→ WORK TO COMPLETE
Skip the images and restate every line of the records exactly.
════════════════
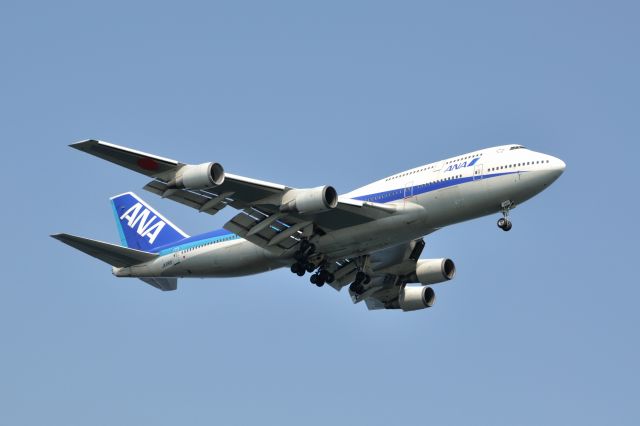 Boeing 747-400 (JA8961) - 2013/5/5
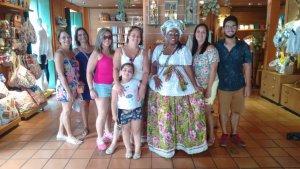 Familia de Cariocas - Passeio em Salvador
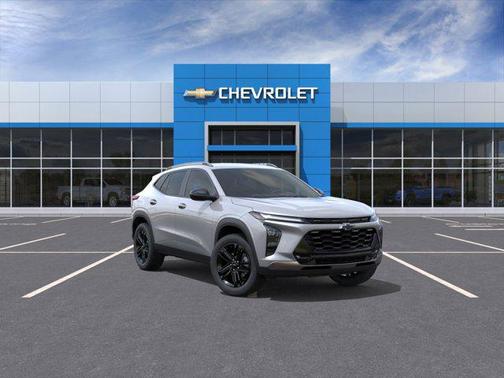 Sterling Gray Metallic 2026 Chevrolet Trax FWD ACTIV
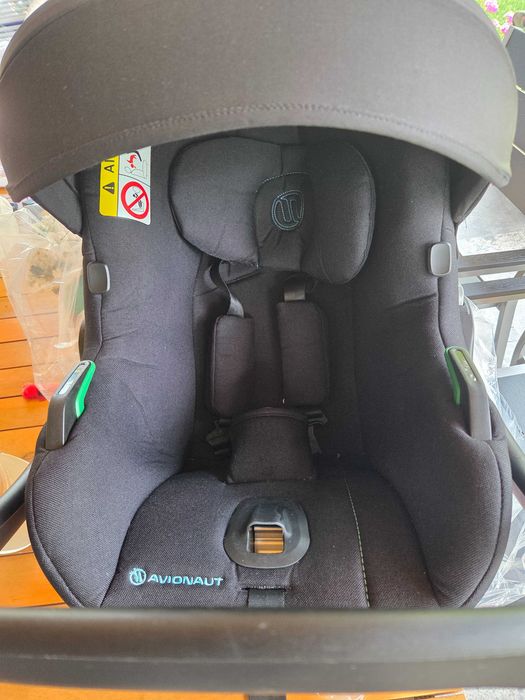 Scoica bebelus Avionaut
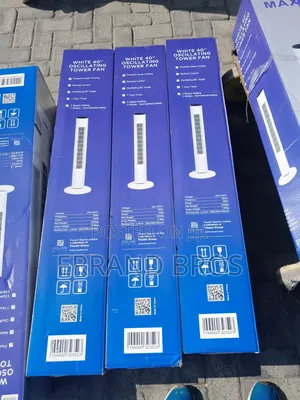 40 Inches Maxi Tower Fan White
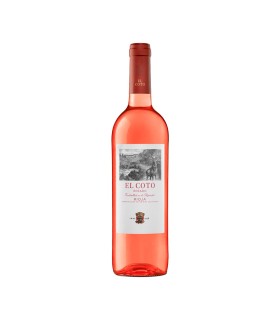 Vino rosado El Coto | D.O. Rioja - 750 ml - Botella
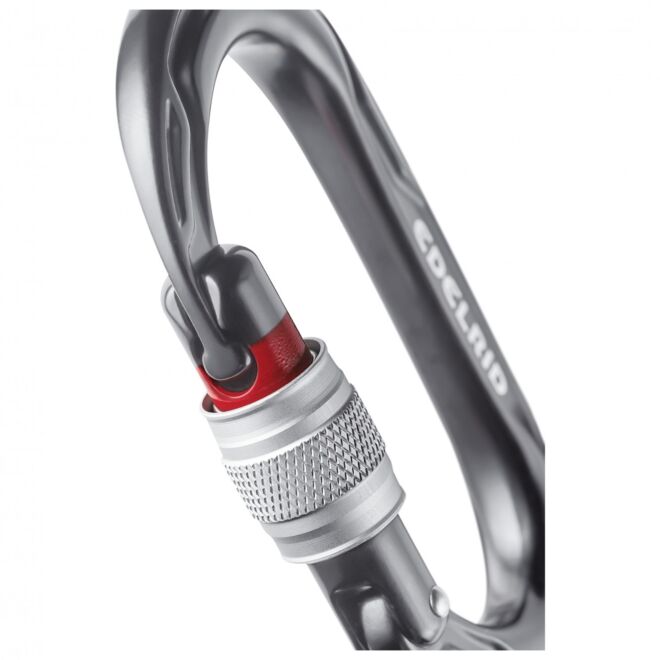 Edelrid Kiwi Screw mousqueton à vis escalade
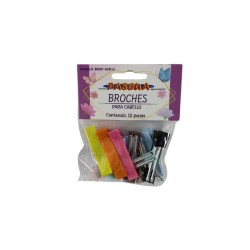 BROCHES PARA CABELLO SURTIDO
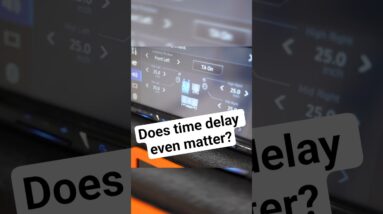 Time alignment... Does it matter in Car Audio?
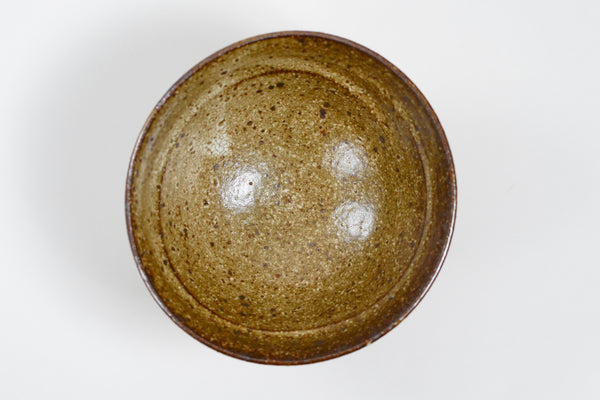 梅花皮釉飯碗 | 山本一仁 (2025年12月)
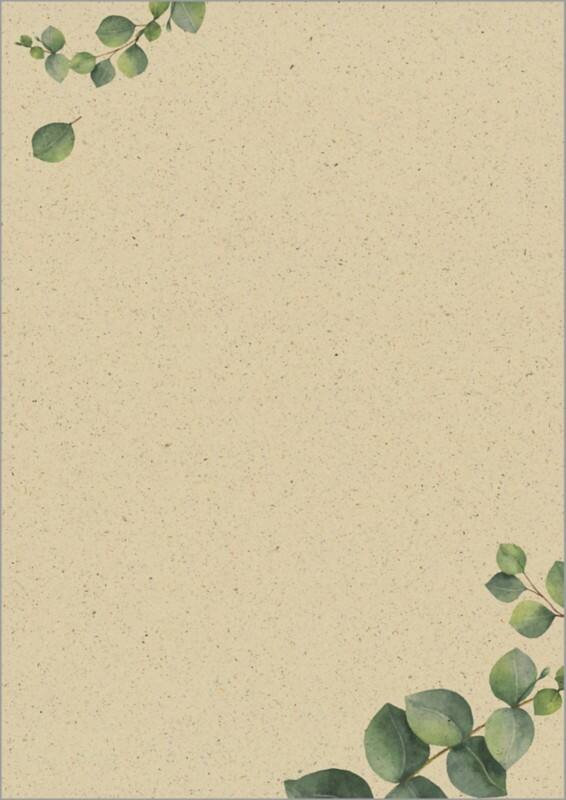 Sigel Eucalyptus Briefpapier Bruin 100 Vel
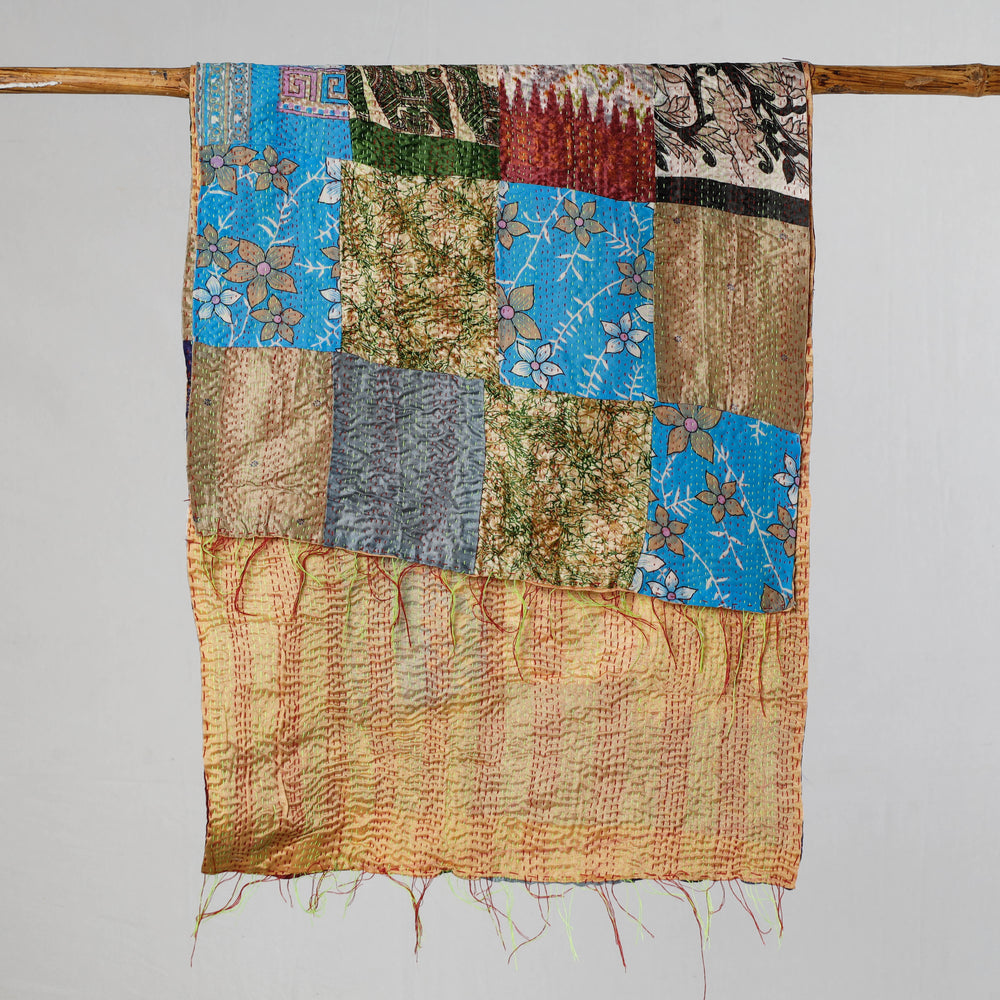 patchwork stole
════════════════
→ TASK SOLUTION
 Boeing 747-400 (JA8961) - 2013/5/5
 Familia de Cariocas - Passeio em Salvador
 Sterling Gray Metallic 2026 Chevrolet Trax FWD ACTIV
 Scoica bebelus Avionaut
 40 Inches Maxi Tower Fan White
 Vino rosado El Coto | D.O. Rioja - 750 ml - Botella
 Edelrid Kiwi Screw mousqueton à vis escalade
 BROCHES PARA CABELLO SURTIDO
 Time alignment... Does it matter in Car Audio?
 梅花皮釉飯碗 | 山本一仁 (2025年12月)
 Sigel Eucalyptus Briefpapier Bruin 100 Vel
 patchwork stole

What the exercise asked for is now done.